Chet saw George Johnson waving to him and rode over to meet the rancher. “Yes, sir?”

Johnson handed him a packet of papers. “These need to be at the bank by closing. Think you can get them there in time?”

Chet couldn't believe his luck. Johnson was handing him the opportunity he needed to get a doctor for Joker and maybe even talk to Marshal Tucker. “Yes, sir.” He placed the envelope in his saddlebag. Then he noticed that Johnson was studying him closely. “Was there something else, boss?”

“There's no money in that envelope,” Johnson said. “Make the delivery and come right back.”

Chet couldn't blame the man for letting him know there was nothing worth stealing, but then why choose him at all? “I'll be back as soon as—”
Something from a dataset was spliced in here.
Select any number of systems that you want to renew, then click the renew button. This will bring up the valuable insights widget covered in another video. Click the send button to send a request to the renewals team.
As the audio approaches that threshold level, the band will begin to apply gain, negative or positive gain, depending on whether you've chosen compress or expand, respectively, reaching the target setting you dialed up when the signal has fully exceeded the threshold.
“Bring the doc,” Johnson interrupted, speaking in a low almost whisper. “But tell him to stay out of sight, okay? Use the side door for getting in and out of the barn.”

So Johnson knew.

“Yes, sir.”

“You boys should have said something sooner,” he said, keeping his voice low.

“He begged us not to. The man is scared and doesn't know who he can trust.”
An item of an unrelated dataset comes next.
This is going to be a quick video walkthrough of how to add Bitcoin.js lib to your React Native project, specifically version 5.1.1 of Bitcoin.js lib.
The rancher nodded, and Chet tipped his fingers to the brim of his hat and took off. It would take an hour or more to reach town, five minutes to deliver the documents to the bank, another quarter hour to find the doctor and persuade him to come, then another hour or so back. It would be dark by the time they reached the ranch. Chet had to believe that Johnson had planned it that way. Was Johnson just as suspicious of the Tiptons as he and Bunker were? Joker had said Roger wasn't directly involved—who had the foreman gotten to do his dirty work and how deep was he in with the Tiptons? There were too many questions and not enough answers.

In spite of the fact that the railroad had bypassed the town of Whitman Falls, the main street was busier than Chet might have expected. A stagecoach pulled in as he was tying his horse and crossing the street to the bank. That put him in mind of Loralei—and the baby. It was that baby that worried him most. Loralei had admitted he wasn't the boy's pa, but even so, he worried. Even if Loralei returned to Florida, Chet knew her father well enough to know that he would never accept the child, would always think of him as his daughter's bastard. The boy would pay a price.
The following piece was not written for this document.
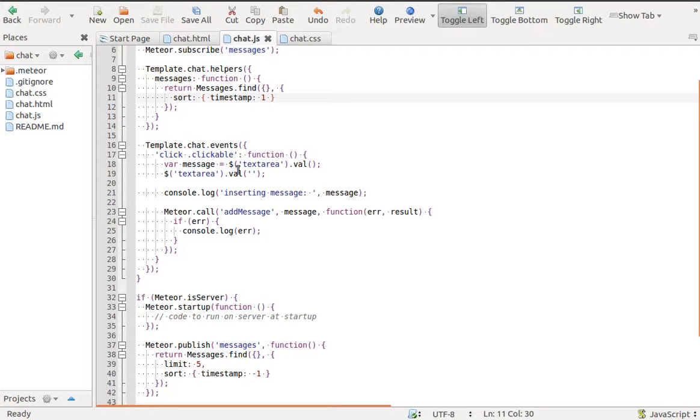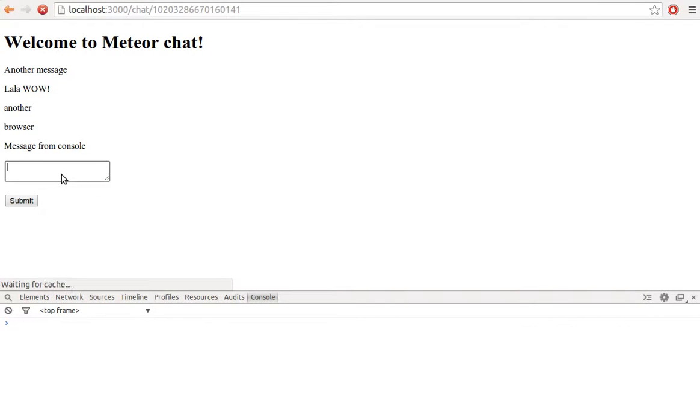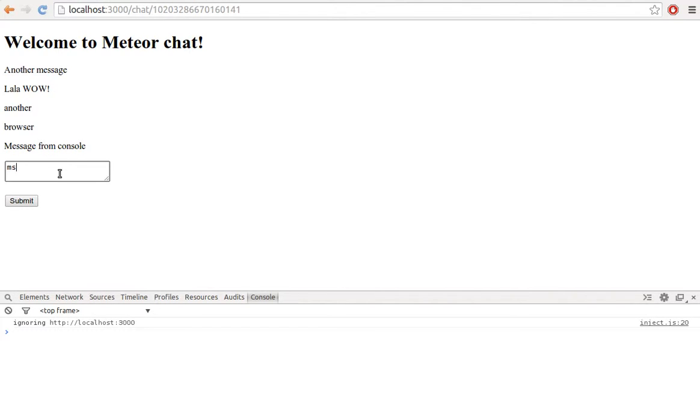Save chat.js file and go to the browser. Add new messages and they should appear under other messages.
Inside the bank, he waited patiently for a teller to find Clyde Cardwell, whose name was written in bold letters on the envelope. Johnson hadn't said anything about delivering the packet directly to the man, but Chet didn't want there to be any question that he'd done his part.

“You're that fella from Florida that Maria Porterfield took on, aren't you?” Cardwell said as he impatiently signed the receipt that Chet had requested.

“I've done some work for the Porterfields,” he replied warily. There was something about Cardwell that put him in mind of Roger Turnbull.

“You planning on sticking around after?” There was no need to explain “after what”—everyone knew that getting the beef to market was the goal.

“Haven't decided,” Chet said, accepting the scrap of paper the banker thrust at him and folding it carefully before sticking it in his shirt pocket.

“You heading back to the Johnsons' place?”

“I'm working there for the time being.” Before the banker could ask more questions, Chet tipped his hat to the woman working behind the ironwork of the teller's cage and turned to go.

“Give my regards to the Porterfields,” the banker called.

Chet kept walking.

On his way into town, he had spotted the shingle that identified the doctor's home and office. The sun was low on the horizon and the shadows were beginning to settle over a quieter main street. He passed one saloon and heard the tinny sound of a piano, then another where the low murmur of men's voices drifted out to the street. In a month or so, those saloons would be filled to overflowing with drovers, once they'd rounded up the cattle headed for market and loaded them onto railroad cars in Yuma. But on this night, the town was relatively quiet.

Still, he would not risk using the front entrance to the doctor's office and home. Instead, he rode out of town, headed back toward the Johnsons' ranch, and once he was sure no one had followed him or was observing his actions, he doubled back and approached the doctor's house from the rear.